# Dryer Vent Debacle



## WishIKnew (Feb 23, 2009)

I was in my crawlspace and noticed there was dryer lint in one area.  I looked up and see that I have my duct that serves as my dryer vent connected to the piece of duct that runs up to the laundry room via duct tape.  That duct tape gave out over time and the pipe was really just hanging there kind of connected to the duct.

Now, to make it a little more bizaare the piece of duct that comes down from my laundry room is some sort of square 90 degree box thing.  From underneath it looks like a register going up (only no duct work).

So, I have a duct taped galvanized pipe butted up against this square piece of duct.  The pipe has a tabbed end with the tabs bent out. and the pipe is just against the square and then tape holds that.

This is obvioulsy not a permanent or even good solution.  Please help me out on how to fix this in any way that does not involve me ripping out all the crap that is there now.

I cannot put the tabs into place as that would be like screws in the pipe and that is not allowed as it would catch lint and clog or catch fire.  I can't replace the tabbed end with a normal duct perferated end as sticking the end into the square piece would also cause a lint trap.

What a mess .

I will try to create a picture to demonstrate this, but if anyone can interpret what I have spelled out please help me.

Here is a picture:


----------



## WishIKnew (Feb 23, 2009)

Here is an image that better describes the situation


----------



## WishIKnew (Feb 23, 2009)

Here is a picture that better describes it


----------



## CraigFL (Feb 24, 2009)

We don't have an idea about the length of the system but I don't like that transition box in the wall behind the dryer.

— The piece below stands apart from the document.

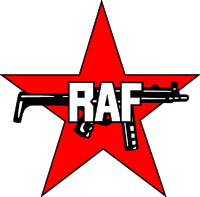 [200px-RAF-Logo.svg.png]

It would be too easy for lint to collect in it so I would rather see a smoother transition to the lower exit piper. If it were a long run, you might find it easy to just add a booster(sucker) fan on the outside end. They can be set to sense when the dryer is on and turn on the booster automatically.


----------



## WishIKnew (Feb 24, 2009)

Craig - i tend to agree 100% with you that the transition box is stupid.

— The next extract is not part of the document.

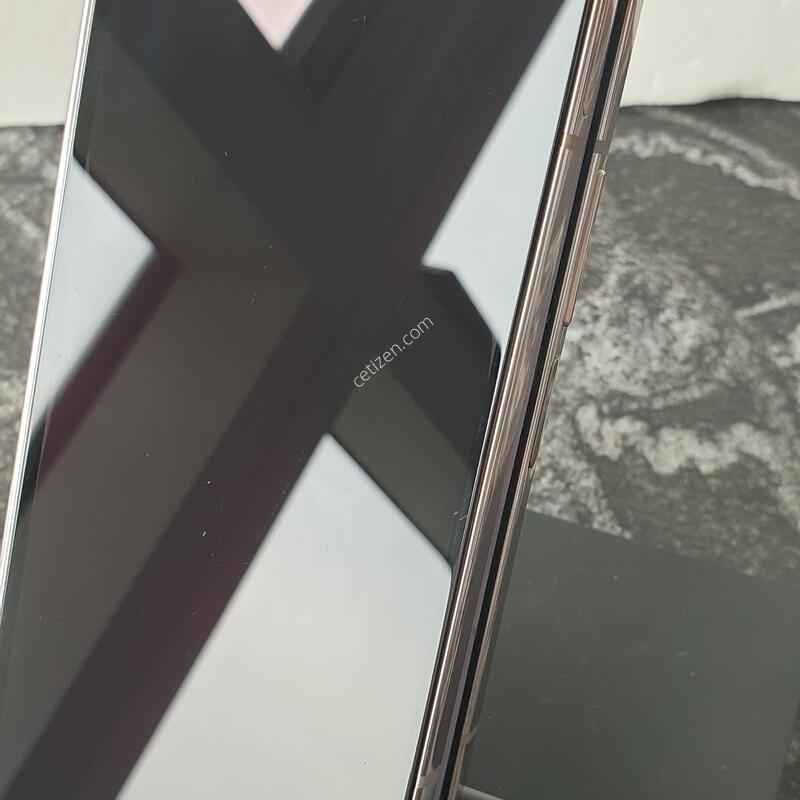 LG ������Z����4 (F936N) ��������� 256�Ⱑ (0450412)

If I wasn't under the house I would have never known because what comes out to the dryer is a 4 inch regular piece of duct.  In the wall it must hit this transition box from one side and then come out in the crawl space.  What I would expect to see is 2 90's (elbows) in the shape like a Z to make this a smooth transition.

I am just not shure the amount of effort required to get this box out of there and replace it with all duct (piping).  If it is just loosely in there then i could easily do that, but I guess I assumed it was fastened in the wall really good and I am not in the mood to rip sheetrock and flooring to fix this - guess I could though.


----------



## travelover (Feb 24, 2009)

One option to joint the duct to the box would be to put a couple of small machine screws in each with the round heads on the inside and a nut on the outside. Use the portion of the screw sticking out past the nut to attach some "L" brackets with a second nut. This will give it a firm support. Use foil tape to seal it.

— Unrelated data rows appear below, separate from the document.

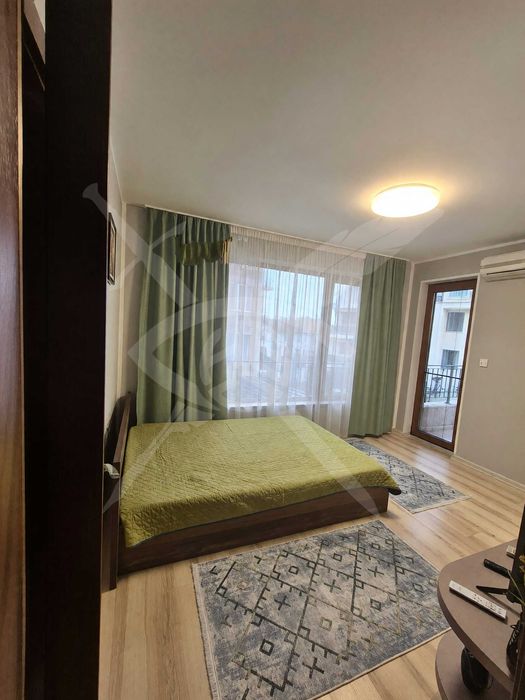 Продава се Тристаен апартамент в с. Равда, Област Бургас - 97 кв.м за 1908 €/кв.м - Снимка #6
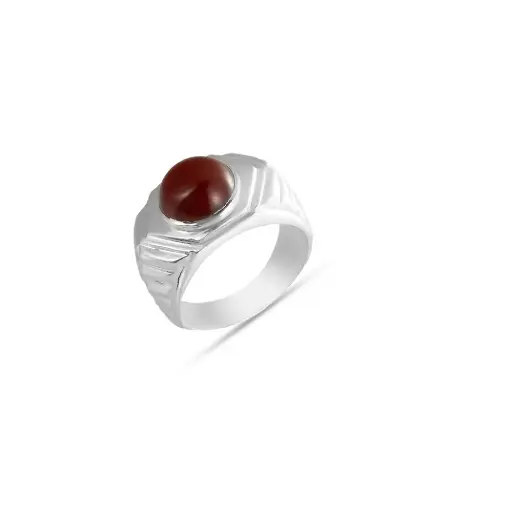 Men Ring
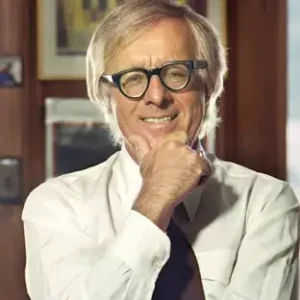 Ray Bradbury terrors nocturns
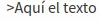 bloc.png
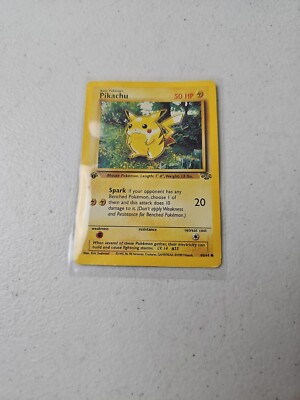 3d printing pokemon cards Gyarados - 3D Printed Pokemon Card Wall Hanger | Fan Art | Pokemon TCG |  Resin Model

Make a note to pull the dryer out and reach in and clean out this box on a regular basis.


----------



## Hube (Feb 24, 2009)

You would be best to remove this stupid arrangement and install a couple of 90 elbows.Depending on the overall length of this run it may be somewhat restrictive if over 20 ft, but  at least this "z" shape(air trap) will not allow any cold air from the outside to come back into the dryer/home. Make tight joints ,no screws, use a metallic duct tape on the joints.
 By the way, just what is a "debacle" ?


----------



## WishIKnew (Feb 24, 2009)

de&#8901;ba&#8901;cle&#8194; &#8194;/de&#618;&#712;b&#593;k&#601;l, -&#712;bæk&#601;l, d&#601;-/ Show Spelled Pronunciation  [dey-bah-kuhl, -bak-uhl, duh-] Show IPA Pronunciation  

&#8211;noun 1. a general breakup or dispersion; sudden downfall or rout: The revolution ended in a debacle.  
2. a complete collapse or failure. 
3. a breaking up of ice in a river. Compare embacle. 
4. a violent rush of waters or ice. 

My instance here is more of the variety of #2.  

I will look into creating the 2 90's.  As long as it does not involve huge amounts of sawing floors or sheetrock it would be the best option.


----------



## glennjanie (Feb 24, 2009)

Hello WishIKnew:
The square duct is used in the wall because 4" round pipe will not fit in a 2 X 4 space like the duct stack will. If you decide to use all 4" round pipe, you will have to cut the floor or wall to get the space needed.
The easiest solution to your problem is to leave the dryer scooted out from the wall about 6" and come straight off the dryer with an Ell pointed down, cut a 4" round hole in the floor and use the metal pipe from there on. The adjustable ells are just as much a lint trap as the box; you need the fixed Ells that are used for wood burning stoves which are smooth inside. They will slip together with the pipe and make good joints.
Glenn


----------



## Blue Jay (Feb 24, 2009)

Another idea would be to use a register boot on the bottom of the box to transition back to the round pipe.


----------



## WishIKnew (Feb 24, 2009)

I just looked up a register boot.  It looks like the way to go as it has a built in L and would convert the easiest.  I think over time it could accumulate debris, but should not be near the mess that is taking place right now.

For my particular case that only has the square duct with a hole a the base side - do i cut the square base and then slide this boot on?  Is there some trick to it?


----------



## porchtalk (Feb 26, 2009)

Here's another approach. I don't like the dryer hose "trap" that's created by this configuration. Chances of cleaning it out on a regular basis is questionable (no offense) and it is a potential "lint collector fire hazard " let alone putting more stress on the dryer if it gets clogged. Why not run the hose directly into the closet and along the wall to the outside. Build an insulated cover over the hose to cut down on noise and to conceal it. It won't take up hardly any usable space in the closet, will be hidden, and you'll have a direct line to the outside. Connections can be tight and you don't have to work in the crawl space!


----------



## rowdy48 (Feb 27, 2009)

I think the register boot is the way to go.  I do maintenance on several  four plexs that have long pipe runs to the outside.  I used a store bought vent brush on a 3/8 plumbing snake to clean them every six months. I just attach it with small hose clamps.  It seems that tenants never empty their dryer vent traps


----------